Afterwards we returned, I got another weather update, which confirmed the earlier one, and we left Fullerton for Oceanside.
It was gorgeous for our flight down the California Coast with l0, 000 ft. mountain peaks in the distance and beautiful seaside cliffs and beaches below. We first landed at Oceanside where the symphony performed at a local college and returned to the Oceanside airport about 5 PM. The sun was going down and the coastal clouds were beginning to form. Fallbrook was only a l0 min. flight away and the weather was most likely to be the same there. If it got worse later I felt comfortable that I could fly the published departure–in fact I was looking forward to it. As we flew inland the haze became more dense and I had to use VOR’s and DME to find the field and to make sure I didn’t fly into Camp Pendleton. Because of the haze I didn’t see the field soon enough to execute a good pattern approach and being too high opted for a go around. The special circumstances at Fallbrook airport leave no room for errors in altitude or airspeed. The second attempt was a success.

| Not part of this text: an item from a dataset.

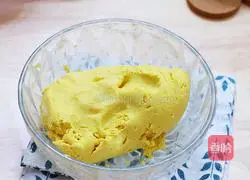 Illustrated recipe for baking pumpkin pie 7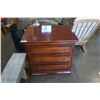 Image 2 : 3-DRAWER MAHOGANY FINISH DRESSER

At l0 PM after our concert we came ouside to find the entire area in real pea-soup fog–near zero visibility. The next series of decisions on my part were a combination of over confidence and stupidity. Since the field was on a mesa several hundred feet above the surrounding valley I thought the visibility might be better. The short drive there was very difficult and the runway was fogged in too. I called San Diego Flight Service on the pay phone. They assured me it was local fog, maybe 2000-3000 ft. tops but that a front was coming in the early morning with rain, wind and icing. I had a recording session Monday morning and wanted to fly out that night if at all possible. While my passenger waited I did a practice run down the runway to see if I could see the centerline all the way. It was difficult but I could and resolved to leave. I returned to the phone and filed an instrument departure and flight to Fullerton. I accepted a fifteen-minute window for departure, which was a mistake– there was too much to prepare in such a short time.

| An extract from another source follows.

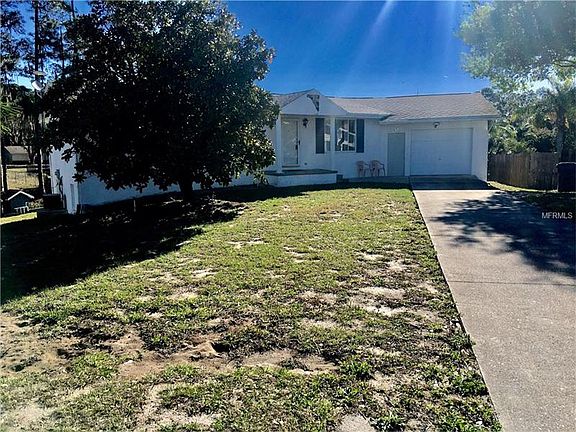 2nd image of 6704 Jacaranda Cir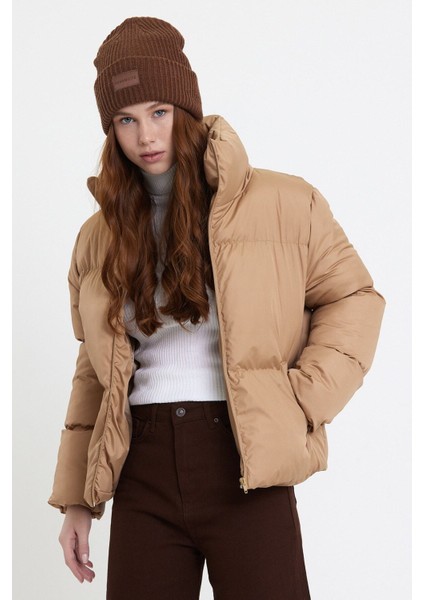 Kadın Haki Owersize Dolumlu Şişme Su Geçirmez Mont TBG069 fiyatları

My Jeppeson chart showed a simple procedure if I used runway l8. It is slightly more uphill than 36 but there was no wind and I had made several flights from Fallbrook at night with heavier loads and never used more that 3/4 of the runway. Rushing to do everything and make my void time I paused at the end of l8 only to find my window fogged. I shut down, pulled on the hand brake, got out and cleaned the windscreen. Getting back in I proceeded with my roll out– keeping the center line off one side because my plane has landing lights only on the left wing. It seemed to take forever to get up the necessary speed to lift off and, as I saw the end of the runway I jerked back the yoke to get it into the air. The stall warning came on and I lowered the nose. Thank heavens the airport was on a mesa–I needed to go down to build airspeed. I recovered only to find myself in a steep bank to the right (toward Camp Pendleton). Quickly I corrected that error, got back on my assigned vectors and climbed out toward Oceanside VOR. In my haste I had forgotten to have the departure frequency dialed in and the enroute map was still in my briefcase in the rear seat. We were still in IMC at 5000 ft. as I scrambled to contact San Diego Departure, find the correct map with a flashlight, and control the airplane. My passenger was unable to help and I found out later that he was having a great adventure. We broke out of the clouds over Oceanside and I could finally relax. It had been a challenging and frightening l0 minutes.
A few miles up the coast it was VFR and the trip back to Fullerton and Burbank was uneventful. It was when I landed a Fullerton to leave off my passenger that I discovered my difficulty in taking off at Fallbrook–my hand brake was still on!!!